Oh my goodness. I have several bad days of practice but I keep trudging through them and eventually I improve.

I often hear from keeper struggling to dive to one side, so take heart that it even happens to the best. There's no magic fix, just slow, hard work.

Catch or punch?
EM: Catch!
KL: Catch!


Hardest shot ever

How would you like to be in the net facing a shot of 80 miles per hour? 90mph? Over 100 miles per hour?! The Guardian gives us The hardest recorded shot in football - ever: 114mph (183kph) by David Hirst, Sheffield Wednesday, in 1996.

Good thing it hit the crossbar.


Howard stays at Everton

Guardian: Everton hang on to Howard.


England's goalkeeping

A changing of the English goalkeeping guard? Gloves can be Foster's to keep, with a good performance against Spain. Ben Foster is scheduled to get the start over Paul Robinson.

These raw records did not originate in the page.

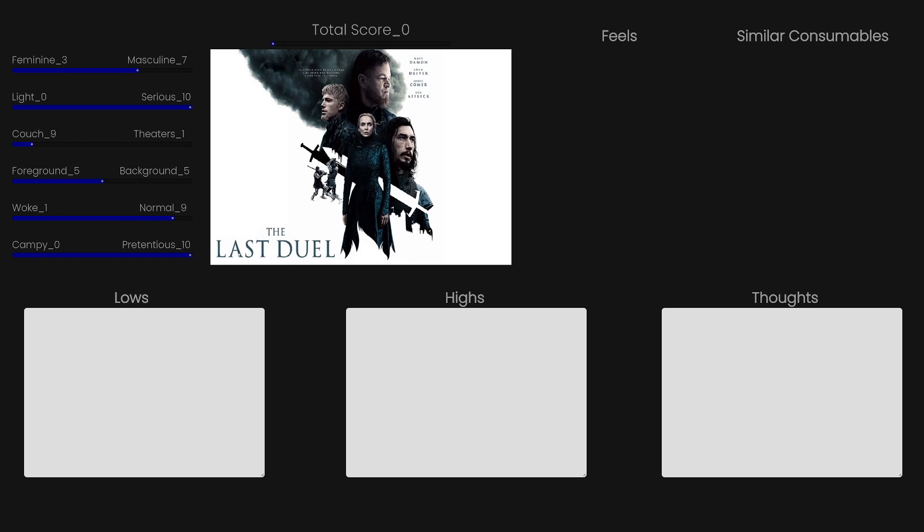This is a full pretentious movie. There is zero camp. They are being as serious as possible. That being said, let's go into the lows of this movie. It is slow. It is relatively slow. If you're not into slow movies with not a lot of action, you will not enjoy this movie. It is not for you.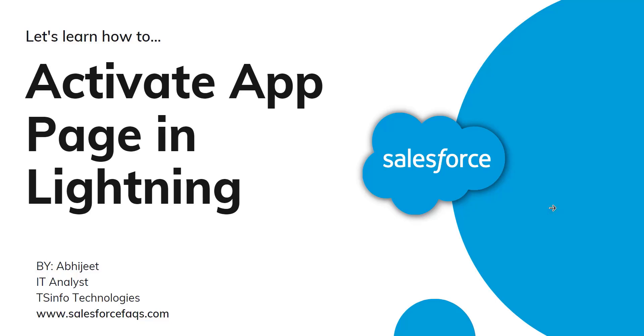Hello everyone, welcome to our channel. Today in this video we are going to learn how to activate an app page in a Salesforce Lightning application.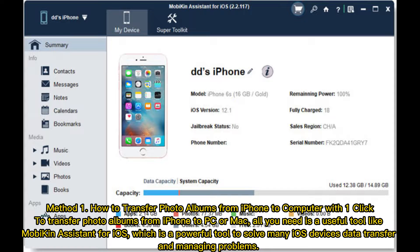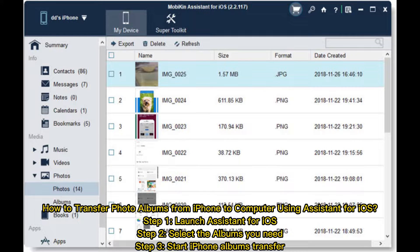Method 1: How to transfer photo albums from iPhone to computer with one click. To transfer photo albums from iPhone to PC or Mac, all you need is a useful tool like Mobikin Assistant for iOS, which is a powerful tool to solve many iOS device data transfer and managing problems.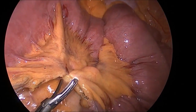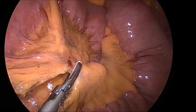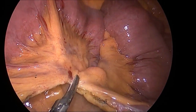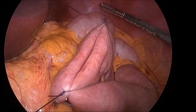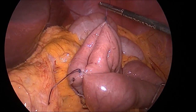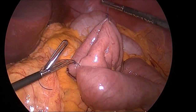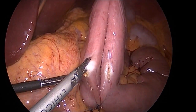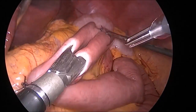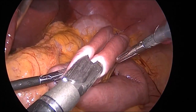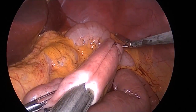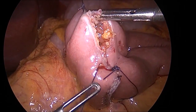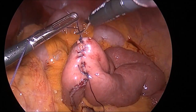The root of the mesentery was taken down using the harmonic device. Following that, both the Roux limb and the biliopancreatic limb were aligned side to side and sutured with Endo Stitch. Then two enterotomies were created using the harmonic. Through these, the jaws of the endo stapler with a white load were placed and fired to create the jejunojejunostomy. The common enterotomy was then sewn with absorbable suture in a running manner using Endo Stitch.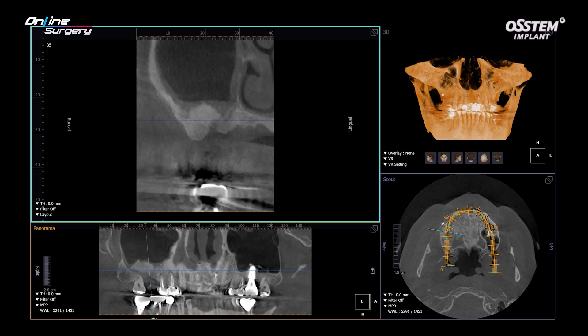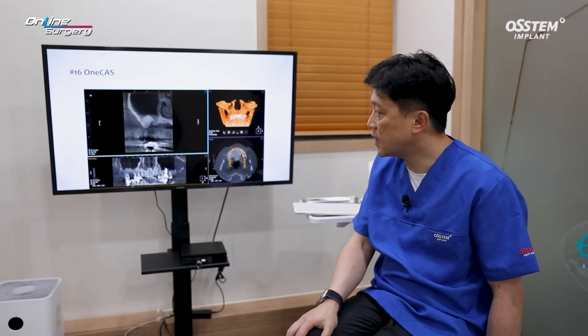On CT, there is not a satisfactory amount of vertical bone regeneration. On the palatal side, there is a slight bone defect.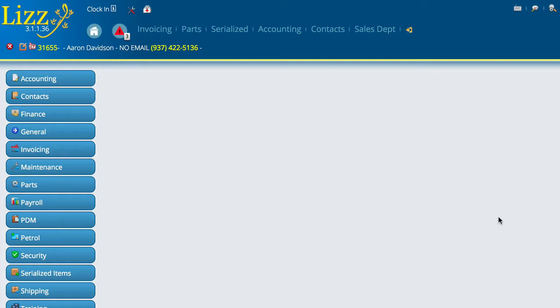The first thing that has to happen inside of Lizzy is you will need to contact us, either open a ticket or call into support to let us know that you have been set up with 700 credit and you'd like to activate the interface in Lizzy. Once you do that, we will turn the interface on and notify you when that's done.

Do you think Robinson is the best English keeper? Have your say in the Guardian's poll.


Wishful thinking versus positive thinking

The Observer has a fascinating article on football team management and whether it's art or science: Can an American coach and a book deliver success in English football? It contrasts American sports and their environment with English soccer leagues.

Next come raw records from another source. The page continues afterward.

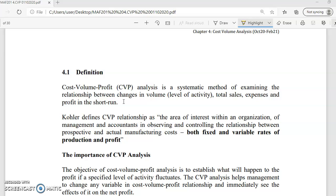To make it simple, CVP analysis helps you to determine what happens to the cost (C) if there are any changes in volume (V). Or, what if you change the profit — how will it affect your cost and volume? So, it means that we're going to look at the relationship between cost, volume, and profit.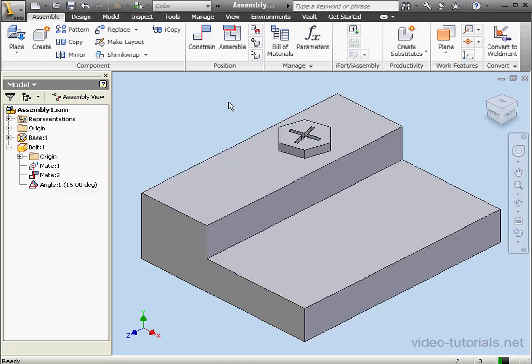Welcome to our lesson about animating parameters. In this lesson, we're going to get the same effect that we achieved in our previous lesson by animating constraints. Instead, in this lesson, we're going to learn how to animate parameters.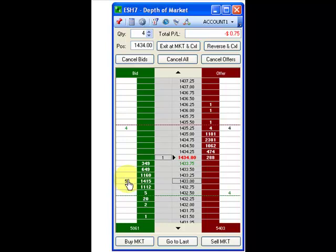To cancel a working order, right click on the order and confirm the cancellation of that order.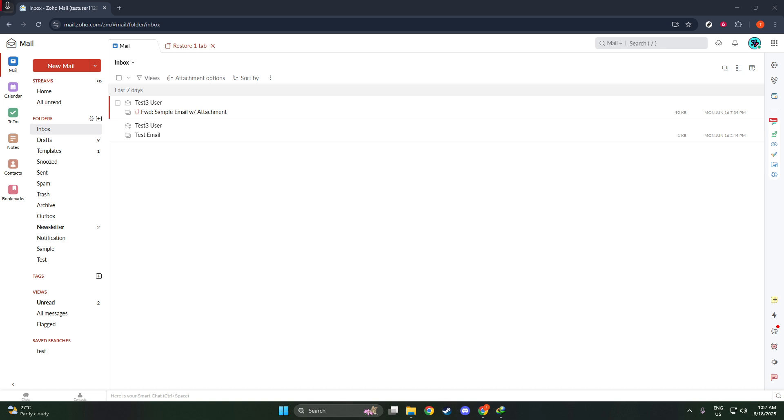Once you're logged in, locate the gear icon at the top right corner of your screen. This icon represents your settings menu and holds the key to customizing many elements of your Zoho Mail account. Click on this gear icon and a drop-down menu will appear.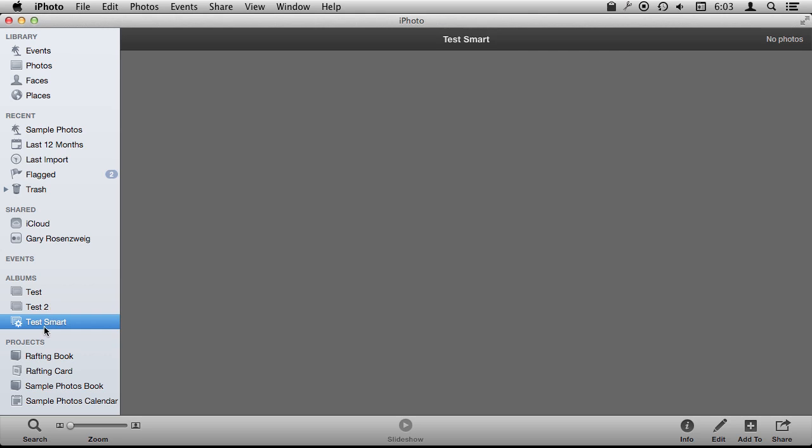You can create as many of these as you want and populate the left side albums with Smart Albums and edit and update them and remove them.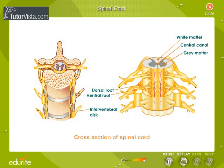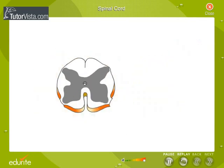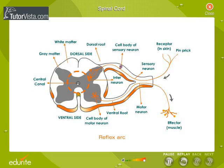A cross-section of the spinal cord reveals that the cell bodies are towards the center, forming the gray matter, and the axons are towards the periphery, forming the white matter. Neurons emerge from the spinal cord through the dorsal and ventral roots. In the middle of the spinal cord, there is a canal that contains the cerebrospinal fluid.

In the second part of the article, there is a paragraph quite relevant to players and coaches of any stripe:

[Malcolm] Gladwell has written about this, when analysing the difference between Woods and Phil Mickelson. Woods works fantastically hard at his game, practises intensively and pays enormous attention to detail. That is why he has maximised his phenomenal talent, but it is also why, when his game goes wrong, he will have few positives to take out of the experience, having done all he can to get it right. Mickelson doesn't practise nearly so hard and relies more on feel and natural ability, which means that when things go wrong he can always tell himself that better times are around the corner. In this respect, Mickelson is the more positive thinker, but it is also the reason why he wins less often than Woods and has failed to maximise his own phenomenal talent. Woods's mental toughness is in large part a willingness to risk failure despite having done everything possible to guarantee success. The other word for it is doggedness, which is precisely the quality missing from so much of the pampered British sporting elite.

The message: don't confuse wishful thinking with positive thinking.